With 11 seconds remaining and a seven-point lead, the Baltimore Ravens stirred up an evil plan Sunday that would make Mr. Burns jealous.
Instead of letting Sam Koch punt the ball to the Bengals and allow the possibility of last-second heroics, the Ravens held every Cincinnati player so Koch could stand with the ball for the remainder of the clock and step out of bounds for a safety.
The play drew a whole bunch of holding penalties, but it didn’t matter. The game can’t end on a defensive penalty, but it can end on an offensive one, so that was that.
There’s really just one reason to intentionally draw holding penalties: It wastes time.
If there’s little to no realistic ramifications for giving up yardage, but there’s big incentive to run out the clock, it can make sense to force a play to burn time.
The San Francisco 49ers pulled out the same strategy earlier in the year, except they did it on defense.
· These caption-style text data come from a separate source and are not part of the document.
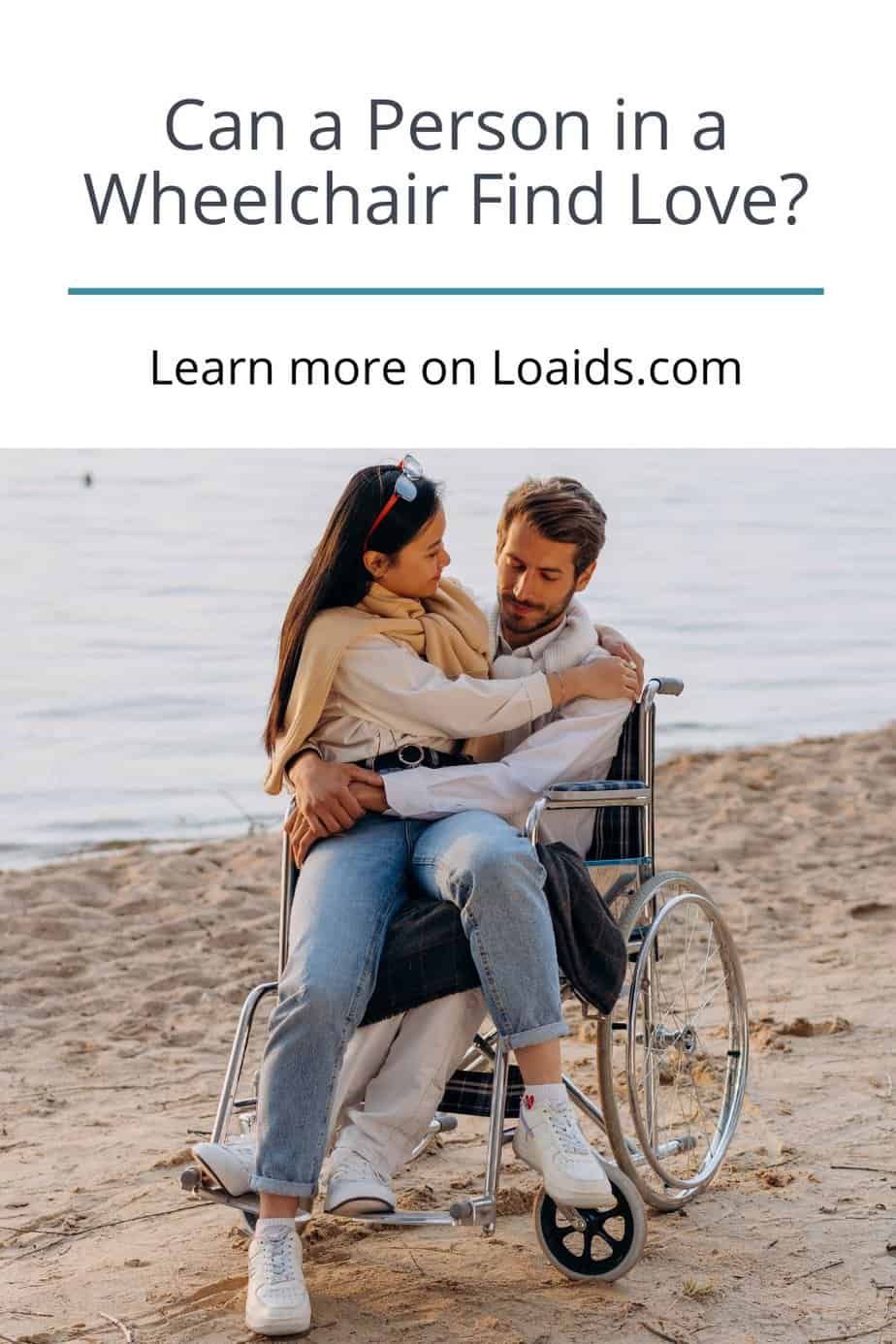 woman sitting on the lap of a man in a wheelchair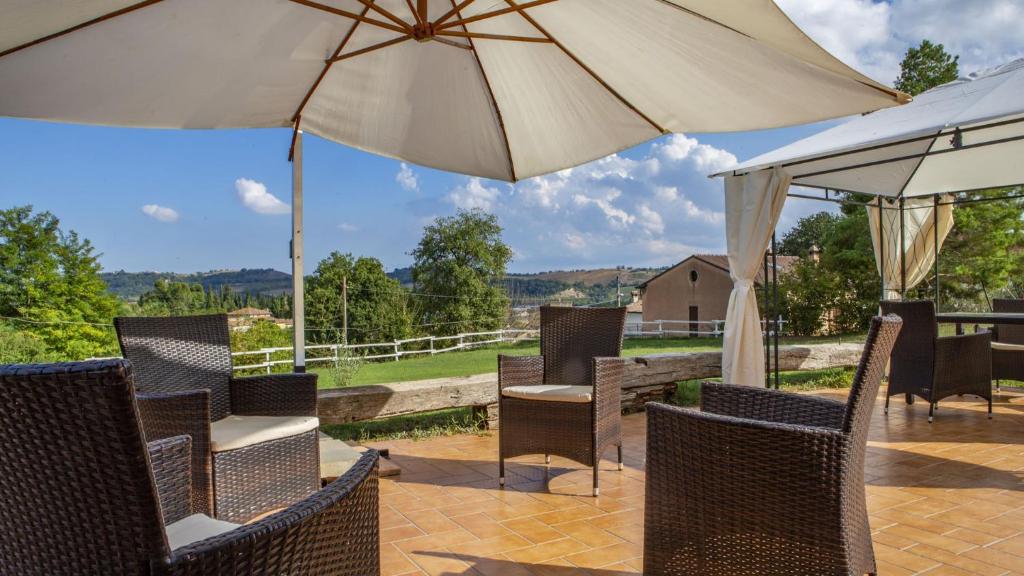 une terrasse avec des chaises et un parasol dans l'établissement Villa Domus - Homelike Villas, à Montegiorgio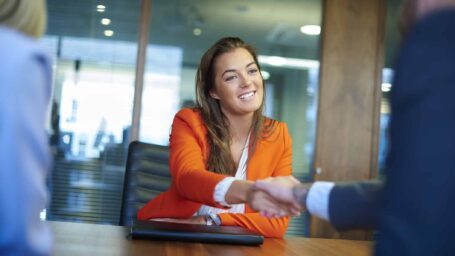 a young graduate sits across the table from her interview panel  full of confidence and positivity energy . She is holding he
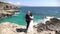 The bride and groom hug on a rocky seashore and look at the horizon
With eight seconds before halftime, the New Orleans Saints planned to take one more shot at the end zone or settle for a 30-yard field goal. By holding every receiver, the 49ers eliminated the possibility of a touchdown and forced the Saints to settle for a 25-yard field goal.
The Ravens pulled out a similar strategy in Super Bowl XLVII with Koch standing in the back of the end zone before taking an intentional safety. No holding was called, but it wasn’t for lack of effort by the Baltimore line that grabbed most of the 49ers rushers before Koch was eventually forced out after wasting all but four seconds.
So how does the NFL fix this? It already showed how. According to Greg Bedard of Sports Illustrated, the NFL instructed officials to throw a 15-yard unsportsmanlike conduct penalty for a “palpably unfair act” if a team does it more than once.
Considering it only took one for the Ravens to seal the game against the Bengals, giving teams a pass on their first violation may be too much.